Ali Çehreli acehreli at yahoo.com
Sun Mar 1 15:25:48 UTC 2020


On 3/1/20 3:47 AM, Ola Fosheim Grøstad wrote:

 > True, did you also adopt the very noisy Go-pattern of manually
 > propagating all errors or did you use their ad-hoc take on "exceptions"?

We used C-like error propagation, which was not bullet-proof: There were 
a few bugs related to propogation mistakes. (I think by simply 
forgetting to check or propagating the err variable from an outer scope, 
etc. I don't remember now.)

I don't even know what ad-hoc Go exceptions are. :)

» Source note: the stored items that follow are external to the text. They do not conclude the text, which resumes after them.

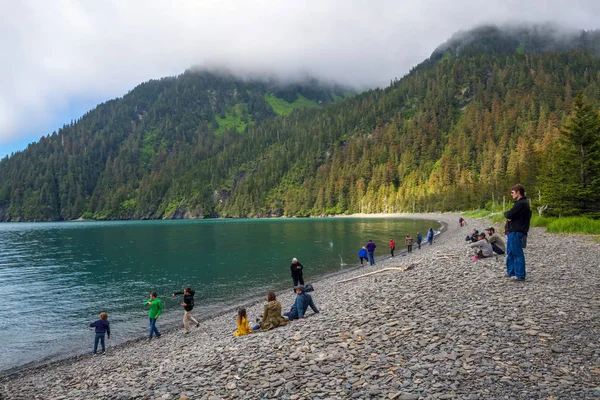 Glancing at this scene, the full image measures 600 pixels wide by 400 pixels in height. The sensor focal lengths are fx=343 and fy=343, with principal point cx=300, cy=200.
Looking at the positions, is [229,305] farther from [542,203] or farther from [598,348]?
[542,203]

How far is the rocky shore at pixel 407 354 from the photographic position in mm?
7242

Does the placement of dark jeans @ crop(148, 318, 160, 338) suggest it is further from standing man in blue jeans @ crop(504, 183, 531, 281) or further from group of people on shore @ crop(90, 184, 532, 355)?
standing man in blue jeans @ crop(504, 183, 531, 281)

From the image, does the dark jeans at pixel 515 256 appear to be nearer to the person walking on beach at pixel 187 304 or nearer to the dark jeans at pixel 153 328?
the person walking on beach at pixel 187 304

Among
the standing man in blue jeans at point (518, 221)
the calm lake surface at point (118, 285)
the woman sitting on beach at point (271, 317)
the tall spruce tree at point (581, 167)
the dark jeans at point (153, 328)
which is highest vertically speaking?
the tall spruce tree at point (581, 167)

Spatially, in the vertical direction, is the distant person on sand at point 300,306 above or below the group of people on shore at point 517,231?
below

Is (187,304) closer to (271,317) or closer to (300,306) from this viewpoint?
(271,317)

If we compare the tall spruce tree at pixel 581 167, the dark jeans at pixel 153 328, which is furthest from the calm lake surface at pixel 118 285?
the tall spruce tree at pixel 581 167

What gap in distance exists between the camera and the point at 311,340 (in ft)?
38.4

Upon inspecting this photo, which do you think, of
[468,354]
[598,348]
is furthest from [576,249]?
[468,354]

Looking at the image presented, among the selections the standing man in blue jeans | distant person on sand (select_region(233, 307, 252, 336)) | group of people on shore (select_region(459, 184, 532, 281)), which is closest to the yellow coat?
distant person on sand (select_region(233, 307, 252, 336))

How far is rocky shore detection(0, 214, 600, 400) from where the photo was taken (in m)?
7.24

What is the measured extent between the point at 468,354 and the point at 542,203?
4358 cm

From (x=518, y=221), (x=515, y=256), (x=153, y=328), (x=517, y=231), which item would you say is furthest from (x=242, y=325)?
(x=518, y=221)

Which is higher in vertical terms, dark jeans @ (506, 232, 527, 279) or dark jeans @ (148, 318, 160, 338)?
dark jeans @ (506, 232, 527, 279) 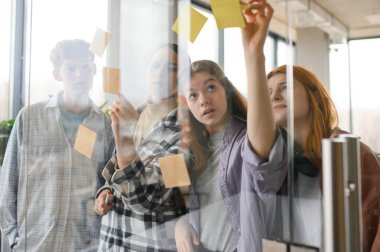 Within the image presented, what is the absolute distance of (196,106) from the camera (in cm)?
115

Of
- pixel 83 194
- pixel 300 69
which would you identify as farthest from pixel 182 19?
pixel 83 194

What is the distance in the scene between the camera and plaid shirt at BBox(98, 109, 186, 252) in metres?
1.23

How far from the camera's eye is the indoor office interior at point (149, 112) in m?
0.89

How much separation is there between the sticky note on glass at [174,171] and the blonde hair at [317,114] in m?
0.35

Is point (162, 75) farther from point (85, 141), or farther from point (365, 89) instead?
point (365, 89)

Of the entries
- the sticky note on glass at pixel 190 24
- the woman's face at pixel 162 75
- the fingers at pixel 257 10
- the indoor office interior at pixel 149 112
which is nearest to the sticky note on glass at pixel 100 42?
the indoor office interior at pixel 149 112

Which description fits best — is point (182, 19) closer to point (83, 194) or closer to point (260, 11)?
point (260, 11)

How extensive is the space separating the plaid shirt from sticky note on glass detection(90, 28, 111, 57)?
0.35m

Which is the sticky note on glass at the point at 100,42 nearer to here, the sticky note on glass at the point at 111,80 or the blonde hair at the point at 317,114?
the sticky note on glass at the point at 111,80

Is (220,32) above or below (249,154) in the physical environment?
above

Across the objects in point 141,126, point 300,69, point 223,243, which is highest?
point 300,69

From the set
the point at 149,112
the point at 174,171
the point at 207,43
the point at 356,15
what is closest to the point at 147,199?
the point at 174,171

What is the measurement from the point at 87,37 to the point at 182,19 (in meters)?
0.46

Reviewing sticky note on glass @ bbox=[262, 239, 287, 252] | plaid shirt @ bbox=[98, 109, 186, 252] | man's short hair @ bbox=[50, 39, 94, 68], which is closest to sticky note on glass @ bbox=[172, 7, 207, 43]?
plaid shirt @ bbox=[98, 109, 186, 252] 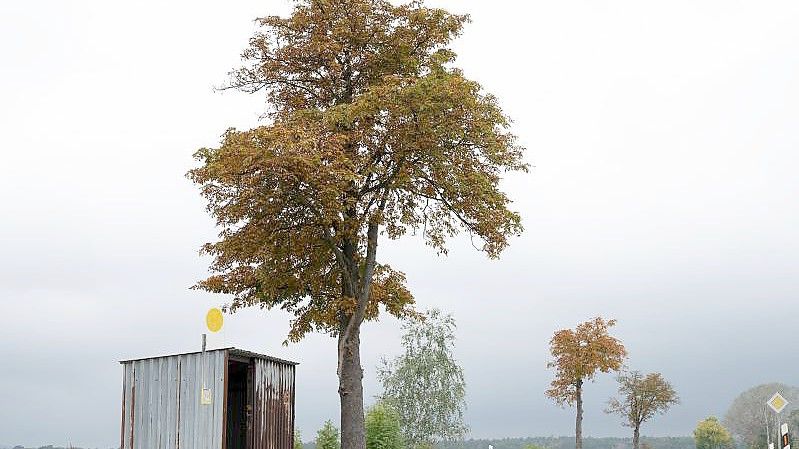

 > (I personally feel that the lack of proper exceptions is more of a
 > problem than generics.)

I agree but there is so much talk these days on the cost on exceptions 
especially in the C++ world[1][2] that I didn't want to open that topic. 
:) Additionally, exceptions are banned in safety-critical embedded 
sytems[3]; so, even though I find exceptions very useful, I started to 
have doubts on the topic.

Ali

[1] Herb Sutter: https://www.youtube.com/watch?v=os7cqJ5qlzo

[2] 
https://www.research.ed.ac.uk/portal/files/78829292/low_cost_deterministic_C_exceptions_for_embedded_systems.pdf

[3] One problem I learned last year was the fact that even though there 
can be one exception in flight, there can be unlimited number of 
exception objects that are in caught but not yet destroyed state:

try (foo()) {
   // ...
} catch (const Exception & e) {
   bar();
}

bar() may throw and handle another exception, which would normally be 
fine. However, note that 'e' of this block is still alive until bar() 
returns, which means there can be unlimited number of objects, which 
does not fit with "allocate all your memory up front" philosophy of some 
embedded systems. This was news to me until the end of last year.